Task requirements
Could you give back exactly the lines below from the one with "Now select both" through the one with "The loss function", without a single picture?

Information provided
....
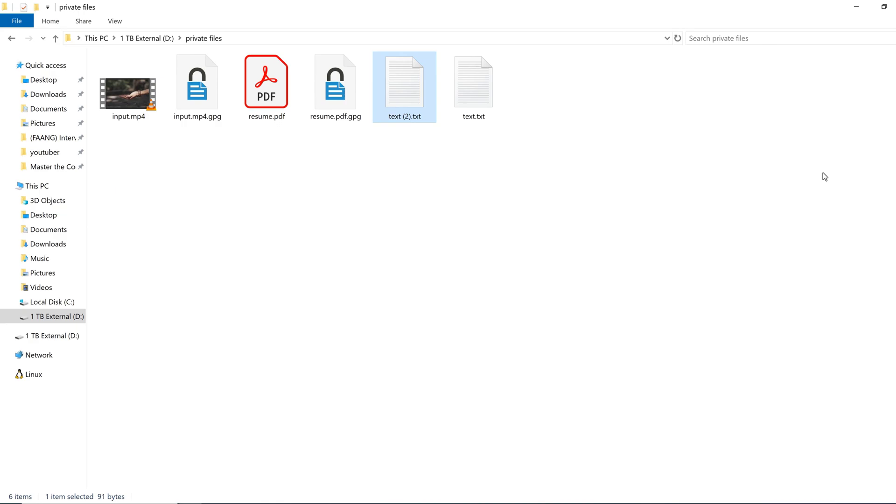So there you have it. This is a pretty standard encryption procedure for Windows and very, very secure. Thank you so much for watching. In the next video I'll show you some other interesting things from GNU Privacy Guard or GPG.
....
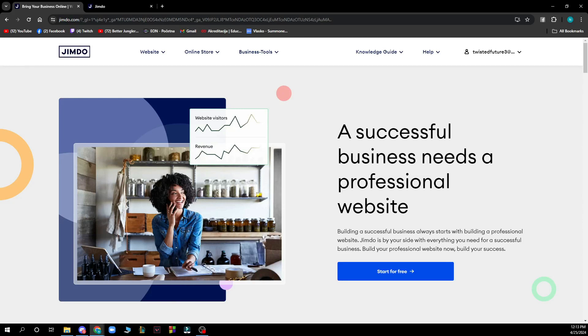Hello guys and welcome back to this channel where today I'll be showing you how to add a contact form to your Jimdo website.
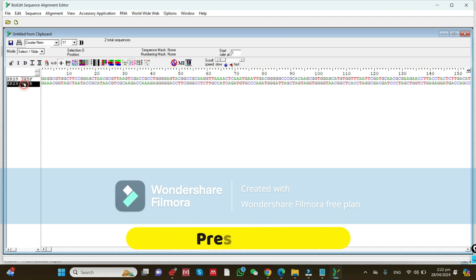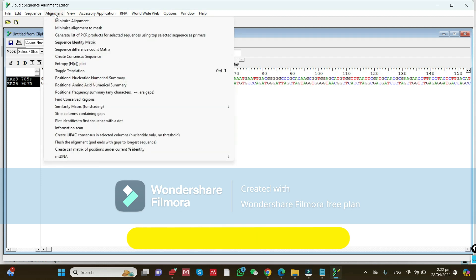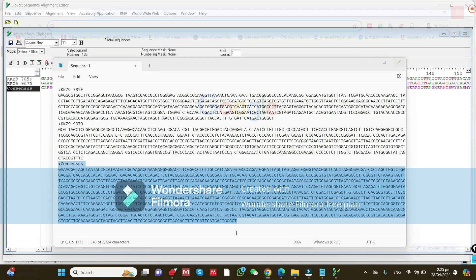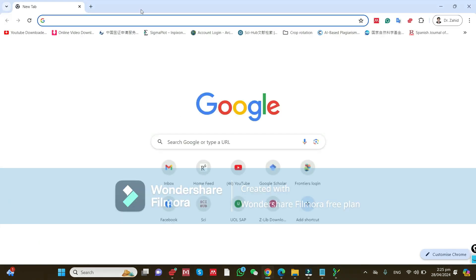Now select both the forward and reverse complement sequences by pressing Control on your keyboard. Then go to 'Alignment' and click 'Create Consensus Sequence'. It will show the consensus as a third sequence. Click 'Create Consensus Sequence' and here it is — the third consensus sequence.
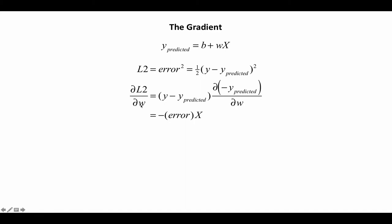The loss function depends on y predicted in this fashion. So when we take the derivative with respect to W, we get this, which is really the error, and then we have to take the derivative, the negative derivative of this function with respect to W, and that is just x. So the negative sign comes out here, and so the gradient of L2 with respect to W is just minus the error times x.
....
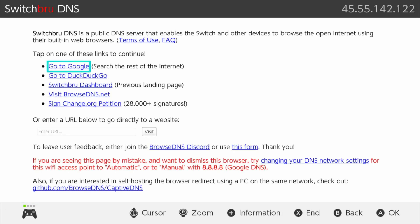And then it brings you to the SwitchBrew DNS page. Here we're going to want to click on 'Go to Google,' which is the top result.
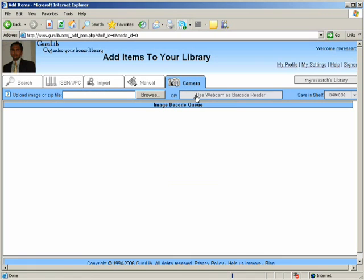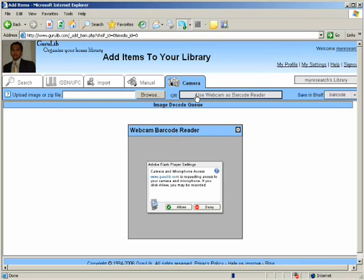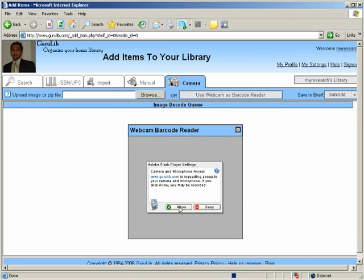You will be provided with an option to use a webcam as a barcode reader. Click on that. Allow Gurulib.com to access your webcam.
....
Response to the exercise
Now select both the forward and reverse complement sequences by pressing Control on your keyboard. Then go to 'Alignment' and click 'Create Consensus Sequence'. It will show the consensus as a third sequence. Click 'Create Consensus Sequence' and here it is — the third consensus sequence.
The loss function depends on y predicted in this fashion. So when we take the derivative with respect to W, we get this, which is really the error, and then we have to take the derivative, the negative derivative of this function with respect to W, and that is just x. So the negative sign comes out here, and so the gradient of L2 with respect to W is just minus the error times x.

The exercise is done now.